Dr. Zucker: [2:02] I actually love that area just at the cliffs on the upper right. You can see the spray dissolving even those solid blacks. And if you look at the waves immediately below the cliffs, you can see the translucency where the wave is very thin and the light moves through it.
Dr. Harris: [2:15] Look at the man’s right foot in the water. You feel it dragging, and the way it’s slowing them down as they move along this pulley.
Dr. Zucker: [2:24] There’s a real sense of the particulars that make this seem so immediate, and I love the way that water drips from that cord.
Dr. Harris: [2:32] Somehow the paint seems wet, as though there were water spraying up from below, that the clothing the figures are wearing is soaked through.
Dr. Zucker: [2:41] In fact, in some ways, this painting is a nude. The woman is wearing a dress and is absolutely proper, but her outfit is so laden with water that it follows the contours of her body.
Dr. Harris: [2:51] Look at the drops of water from her right hand. He could really paint.
Dr. Zucker: [2:55] If you follow her hips down, there’s a little bit of skin that’s exposed just above her knee and you see a little bit perhaps of her petticoat below her dress. I can almost imagine a 19th-century viewer wanting to pull that down to retrieve her modesty.

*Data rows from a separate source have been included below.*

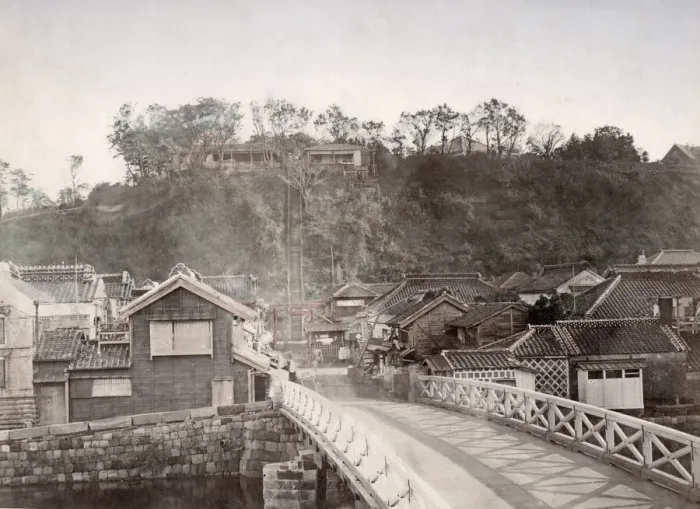 Framed Print : The 100 Steps Yokohama, Japan, c. 1880 s Framed Print : The 100 Steps Yokohama, Japan, c. 1880 s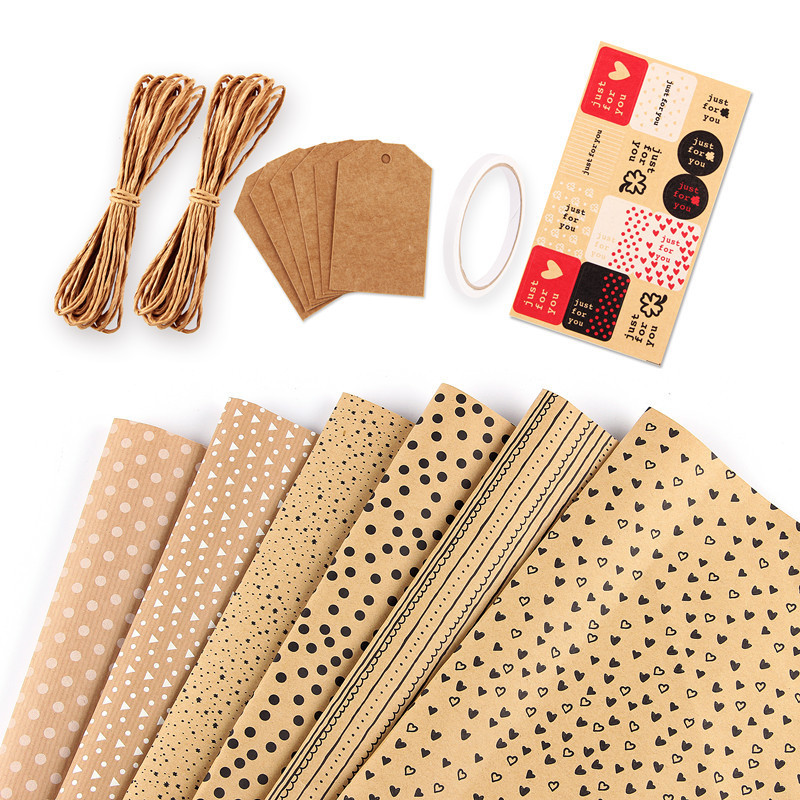 Papel de regalo para envolver regalos de San Valentín, cumpleaños, papel de regalo retro amarillo kraft, caja de regalo simple de alta gama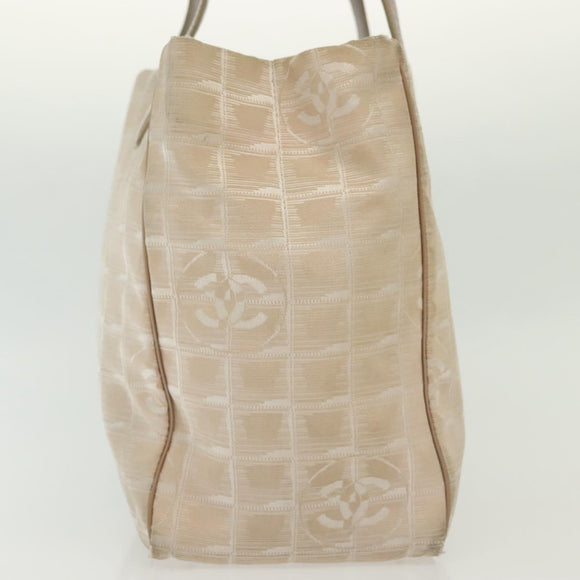 CHANEL New Travel Line Tote Bag Nylon Beige Gold CC Auth ti3357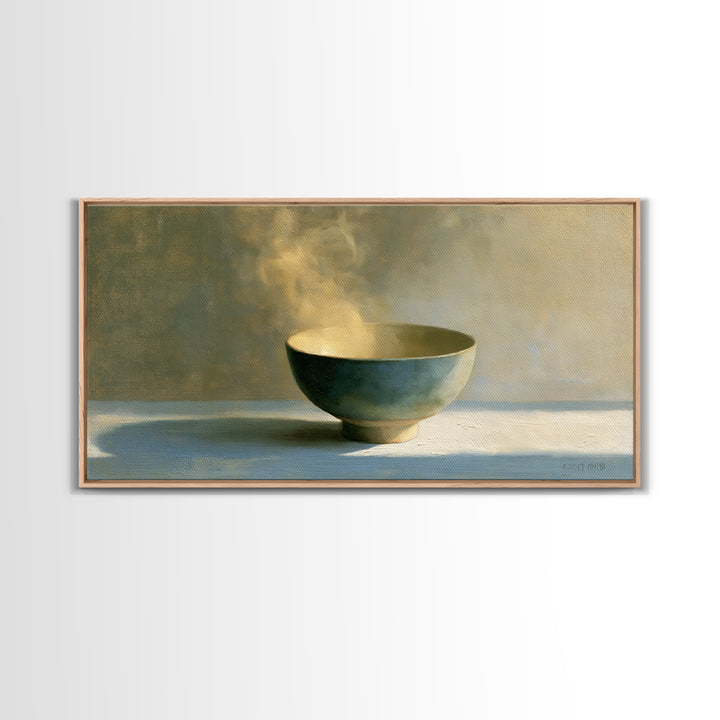 Tea Bowl and Steam Still Life Framed Canvas Print, Spa Art, Black Woman Art, Spa Decor, Oil Painting, Serenity, SPA-2x1-90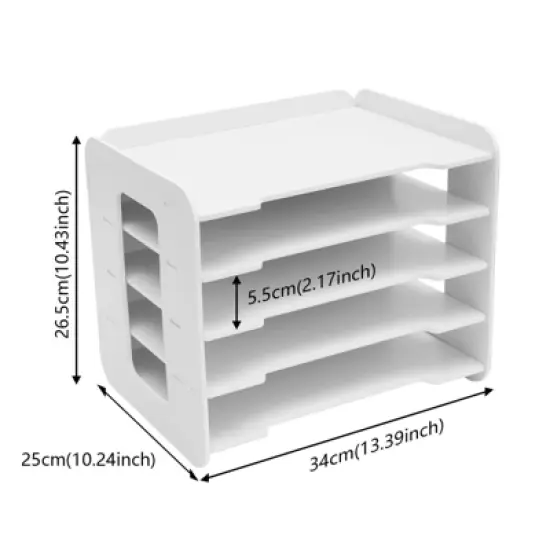 YIYIBYUS 5-Tier File Storage Rack Document Tray Desktop Organizer image {3}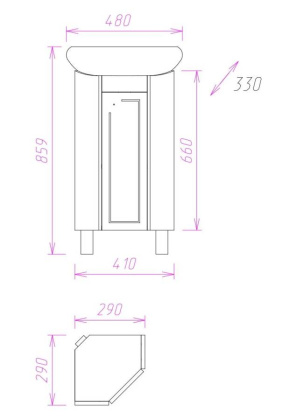 Тумба Onika Малютка 33 напольная, белая, угловая (ум. Радиан 33)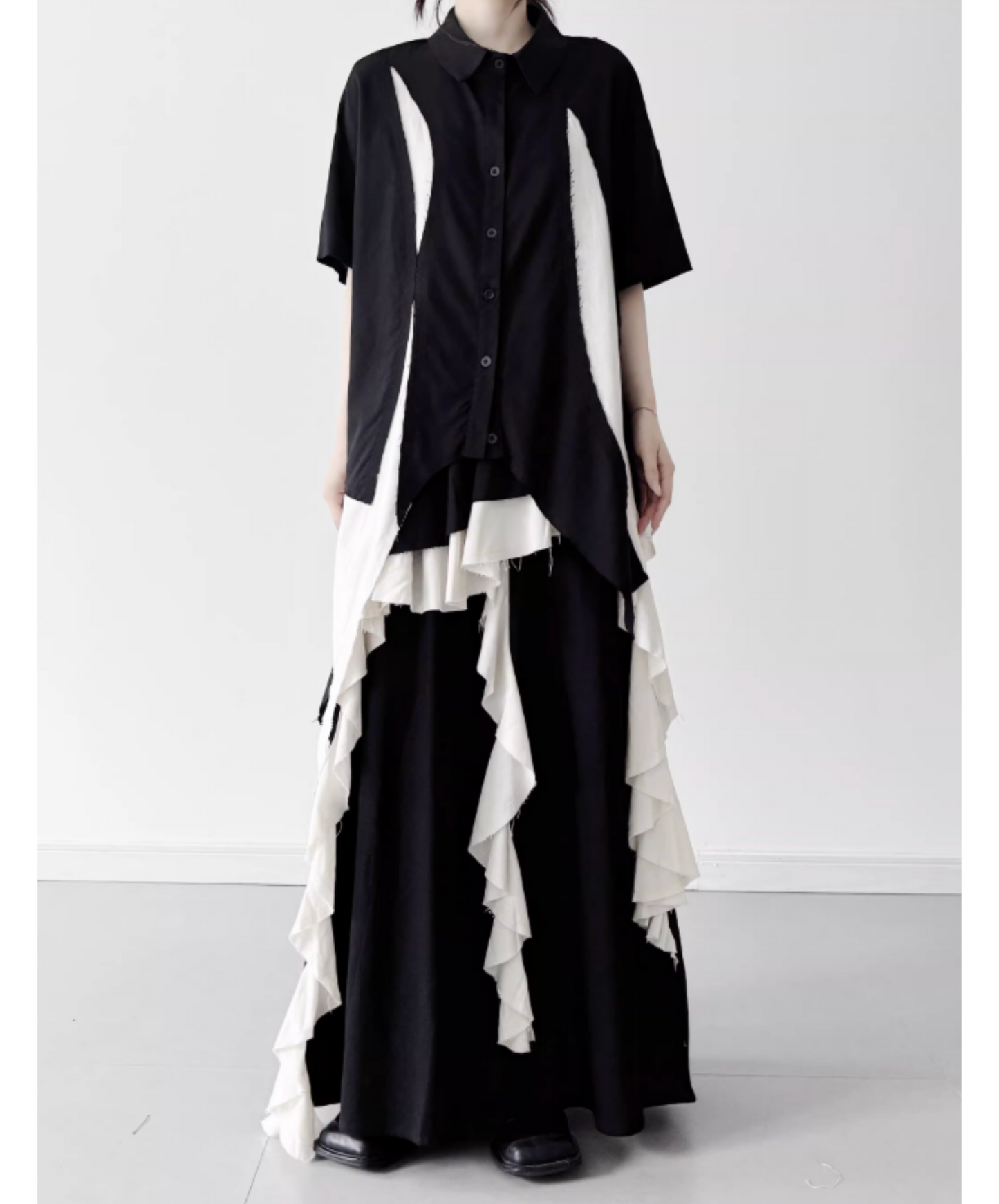 dark Irregular color block short-sleeved shirt EN2809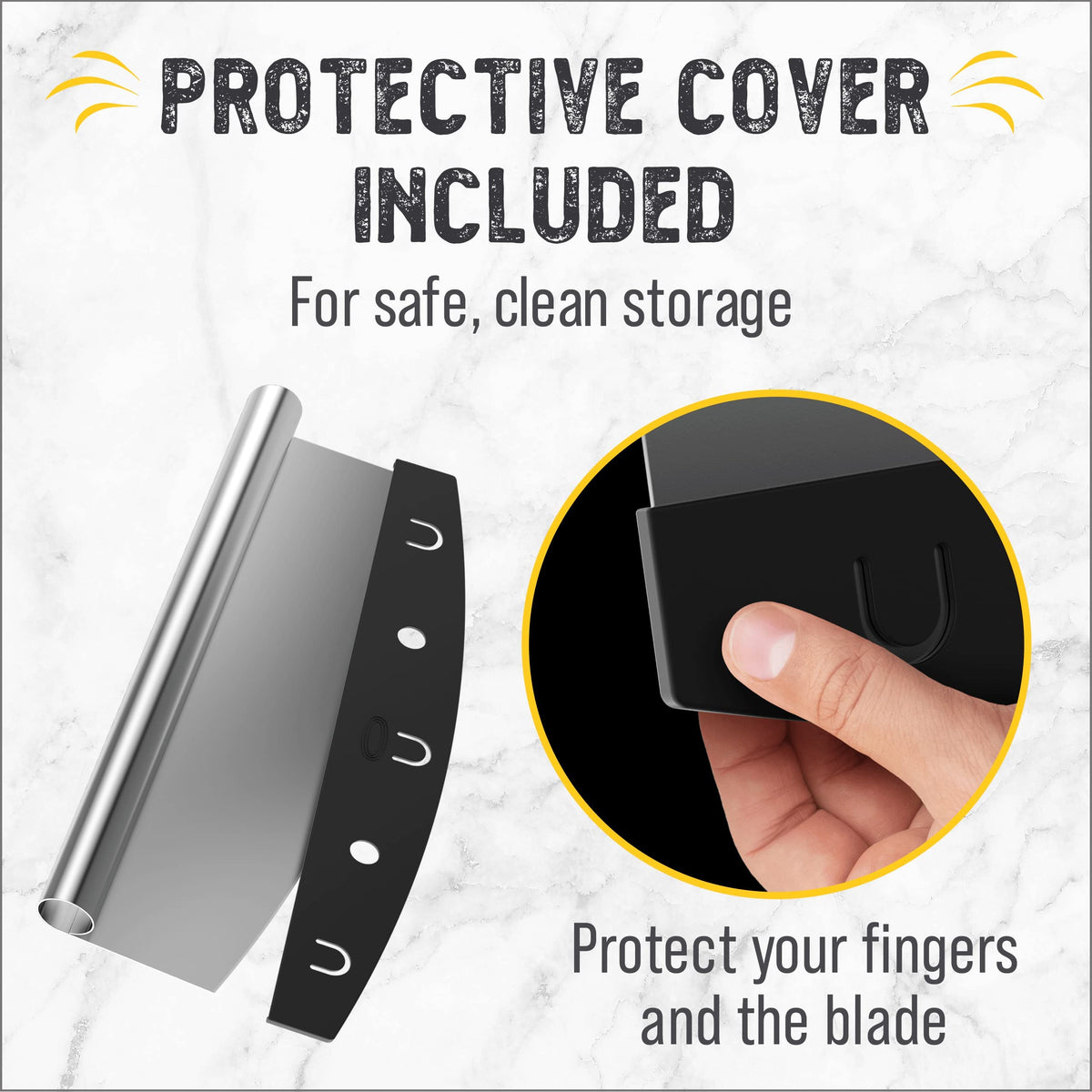 Checkered Chef rocker features a durable stainless steel blade for long lasting use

Dr. Harris: [3:09] This is really typical of the subject that Homer painted later in his career when he lived in Maine. This idea of man and the forces of nature and the futility of man’s efforts in the face of nature — although in this case we do have a successful struggle.
Dr. Zucker: [3:24] Obviously, Homer didn’t paint this on the beach watching a rescue. The painting is based loosely on a fairly recent rescue off the coast of New Jersey, but was actually posed in New York City, where he kept his studio even after he had moved to Prout’s Neck. This was the studio building on West 10th Street.
[3:41] Imagine, then, his models up on the roof, and him drenching them with water to make the effect just right. He was recognized as a brilliant painter in his own day. He was honored as the foremost American painter.